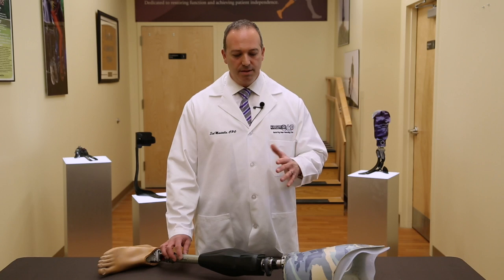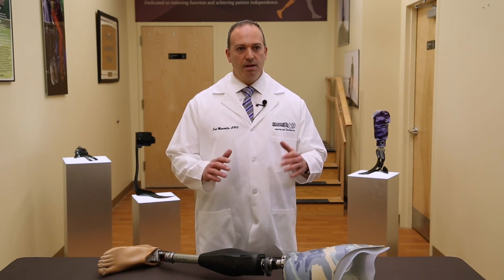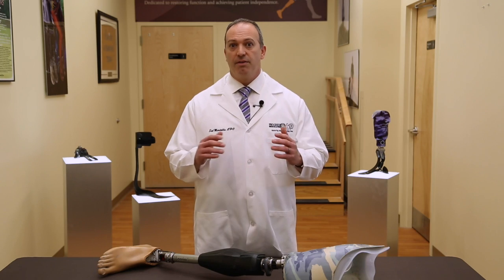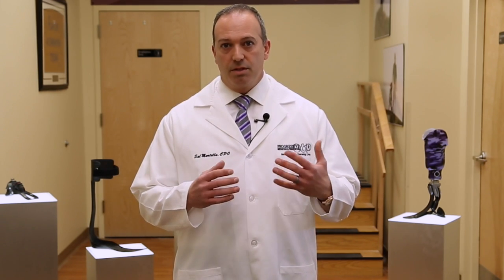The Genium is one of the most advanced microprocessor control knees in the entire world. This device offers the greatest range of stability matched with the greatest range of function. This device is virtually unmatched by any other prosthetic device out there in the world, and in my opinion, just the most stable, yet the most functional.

* * *

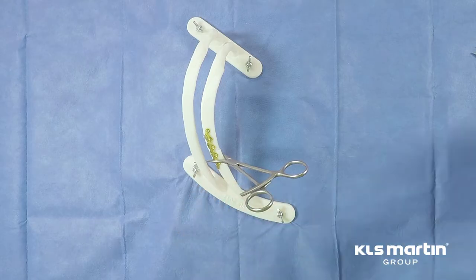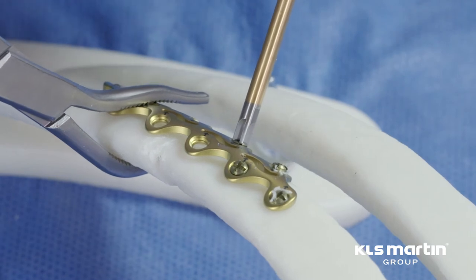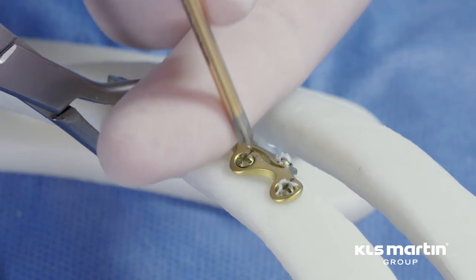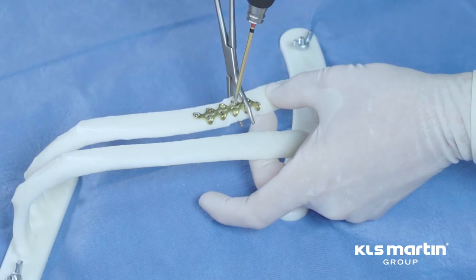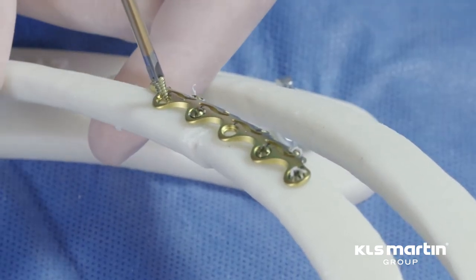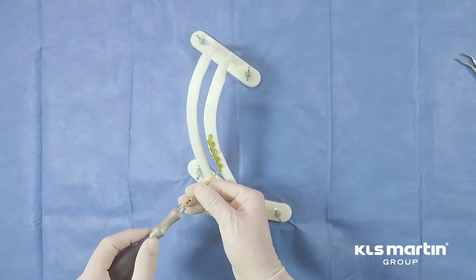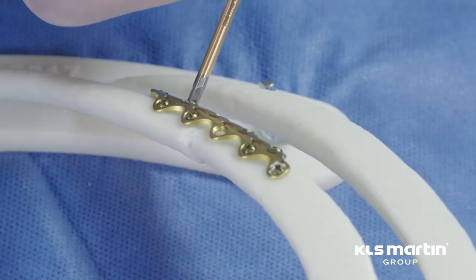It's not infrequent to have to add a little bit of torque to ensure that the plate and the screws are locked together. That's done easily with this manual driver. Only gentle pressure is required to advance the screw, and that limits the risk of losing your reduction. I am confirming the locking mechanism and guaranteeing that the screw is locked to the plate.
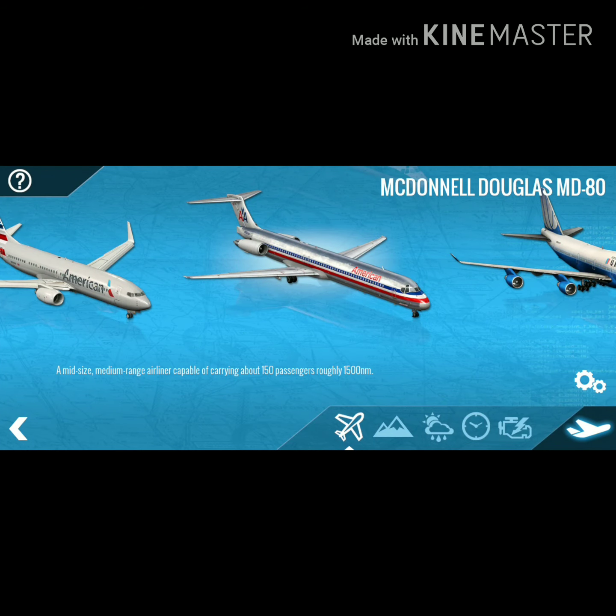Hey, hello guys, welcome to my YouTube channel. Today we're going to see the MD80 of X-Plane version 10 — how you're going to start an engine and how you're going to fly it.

...

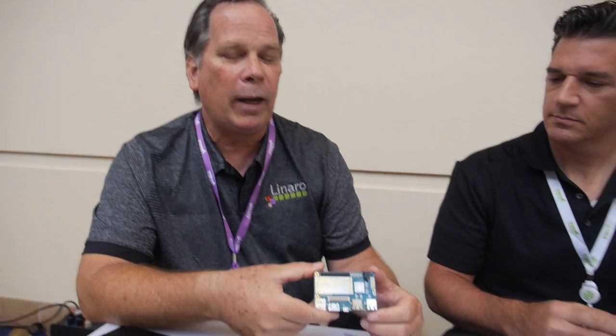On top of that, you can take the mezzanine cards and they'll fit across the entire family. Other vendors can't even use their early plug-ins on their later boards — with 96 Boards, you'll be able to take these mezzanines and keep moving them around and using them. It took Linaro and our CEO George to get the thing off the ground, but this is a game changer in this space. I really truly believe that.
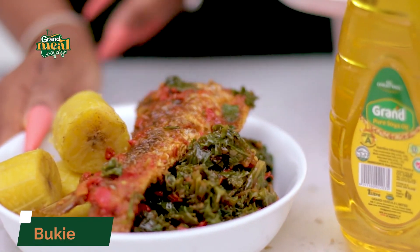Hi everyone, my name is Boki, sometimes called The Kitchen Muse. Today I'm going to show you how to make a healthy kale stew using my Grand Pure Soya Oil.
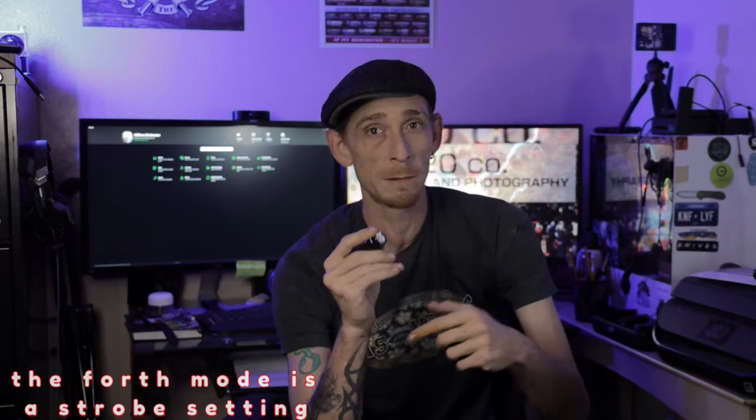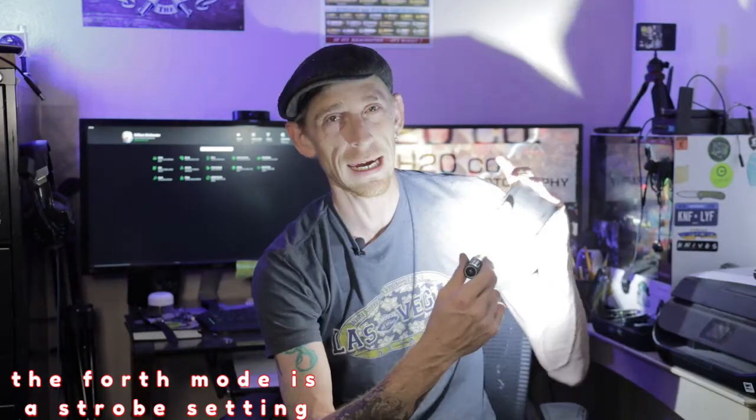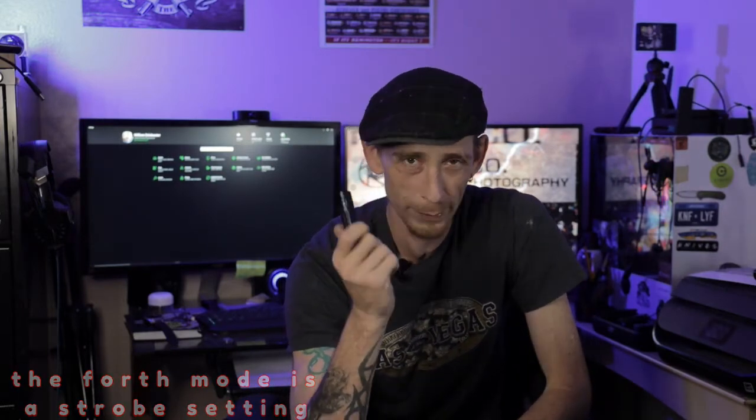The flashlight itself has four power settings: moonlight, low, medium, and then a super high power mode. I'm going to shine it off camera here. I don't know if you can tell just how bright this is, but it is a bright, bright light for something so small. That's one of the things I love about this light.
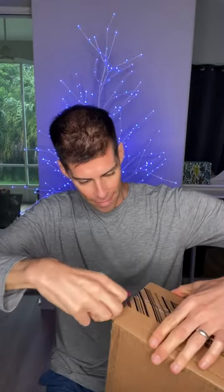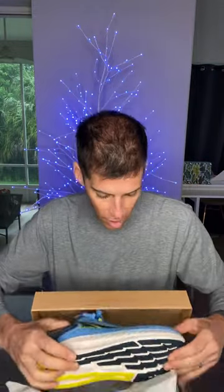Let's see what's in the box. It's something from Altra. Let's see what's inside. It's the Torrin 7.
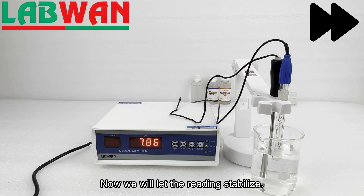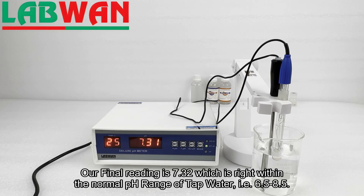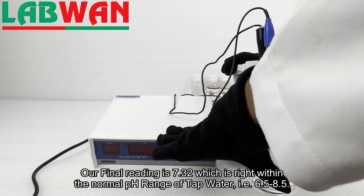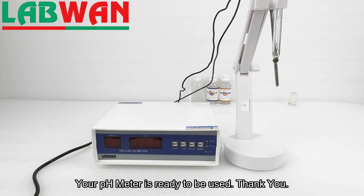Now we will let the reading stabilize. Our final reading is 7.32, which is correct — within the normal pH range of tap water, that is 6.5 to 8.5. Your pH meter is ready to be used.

WHAT THE TASK ASKS:
Each line above that falls between the line with "Let's see what's in the" and the line with "Now we will" should be printed exactly, together with those two lines, but the pictures should not.

ANSWER TO THE EXERCISE:
Let's see what's in the box. It's something from Altra. Let's see what's inside. It's the Torrin 7.
Now we will let the reading stabilize. Our final reading is 7.32, which is correct — within the normal pH range of tap water, that is 6.5 to 8.5. Your pH meter is ready to be used.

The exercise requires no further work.